- EXERCISE MATERIAL
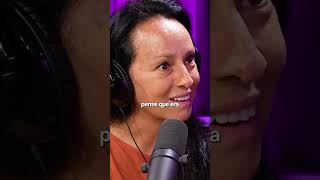 ¿QUÉ se SIENTE ser LA ESPOSA de PEDRO SUÁREZ VERTIZ? #Cynthia #Rock  #pedrosuarezvertiz #lalengua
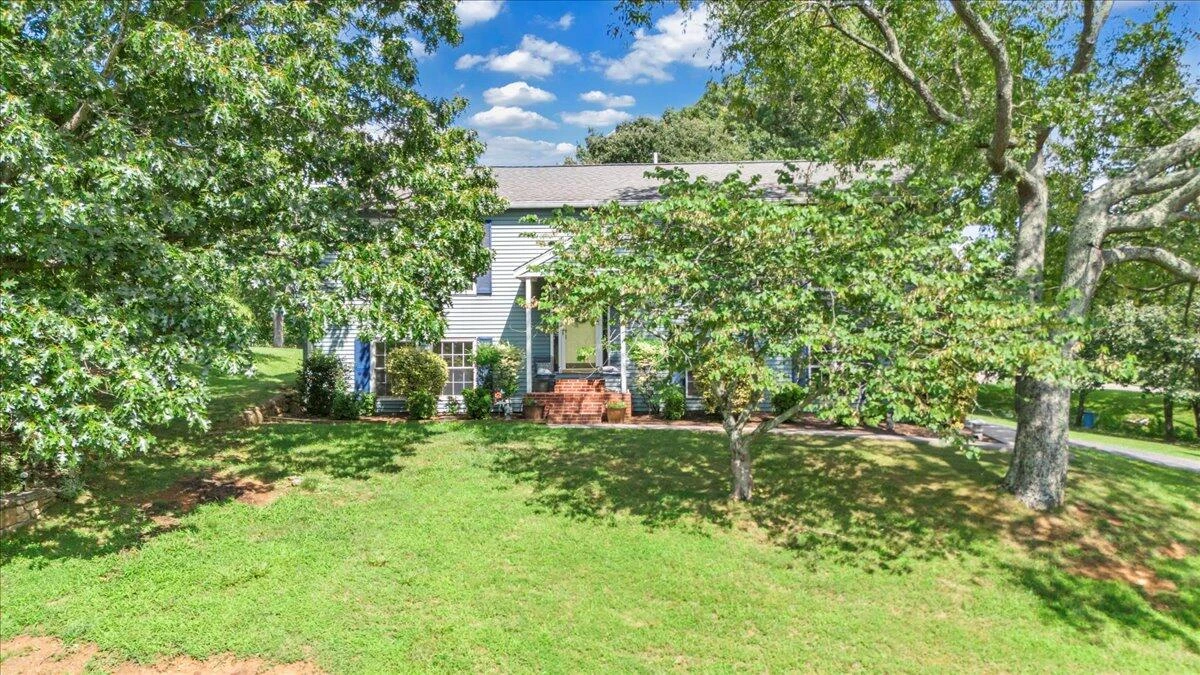 5412 Sundance RD - Photo 45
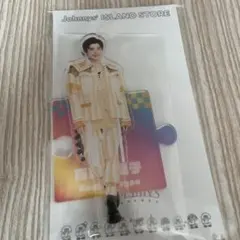 Item thumbnail for item 6c2bd893-ba6f-41e1-9888-4b1e8d82fc15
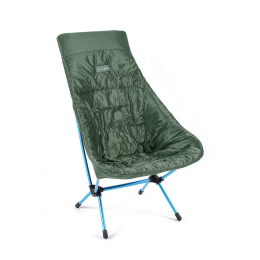 Seat Warmer Chair Two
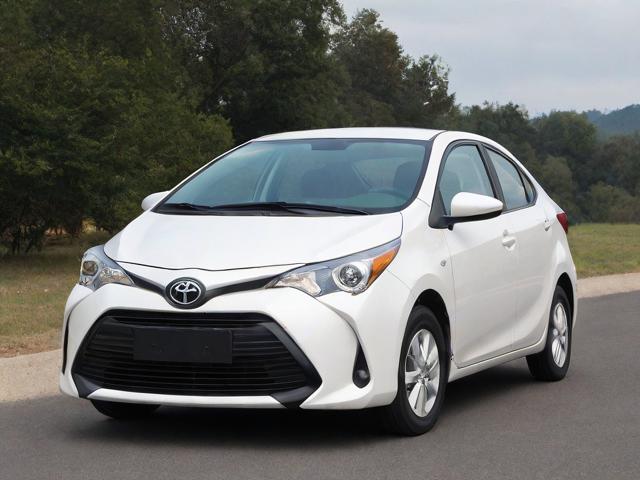 丰田威驰Eco模式关闭全攻略，轻松恢复燃油经济性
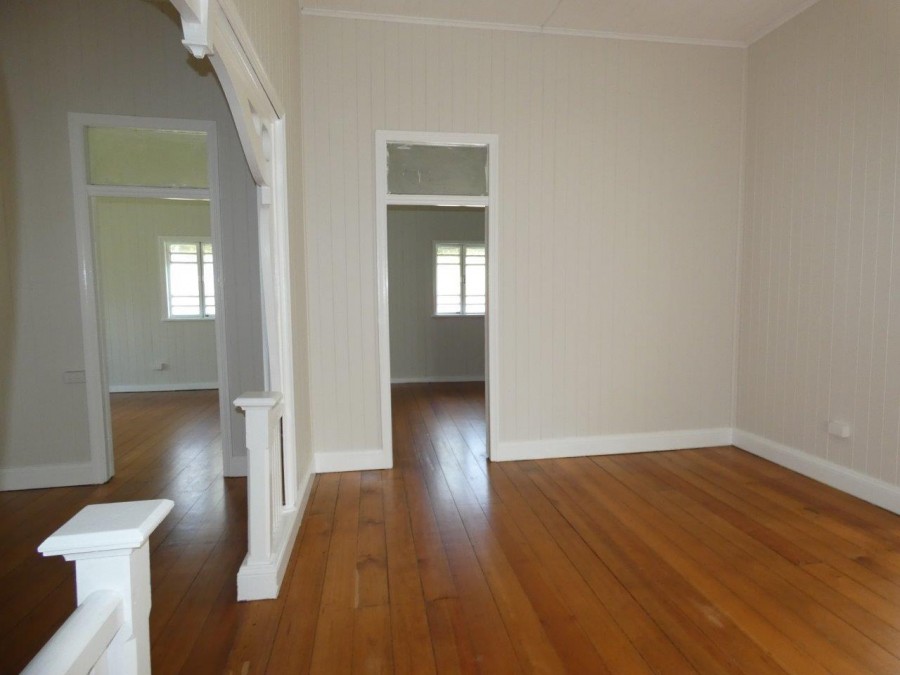 Real Estate in Miriam Vale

- YOUR TASK
Word for word, return the material above, but drop the pictures.

- RESPONSE
 ¿QUÉ se SIENTE ser LA ESPOSA de PEDRO SUÁREZ VERTIZ? #Cynthia #Rock  #pedrosuarezvertiz #lalengua
 5412 Sundance RD - Photo 45
 Item thumbnail for item 6c2bd893-ba6f-41e1-9888-4b1e8d82fc15
 Seat Warmer Chair Two
 丰田威驰Eco模式关闭全攻略，轻松恢复燃油经济性
 Real Estate in Miriam Vale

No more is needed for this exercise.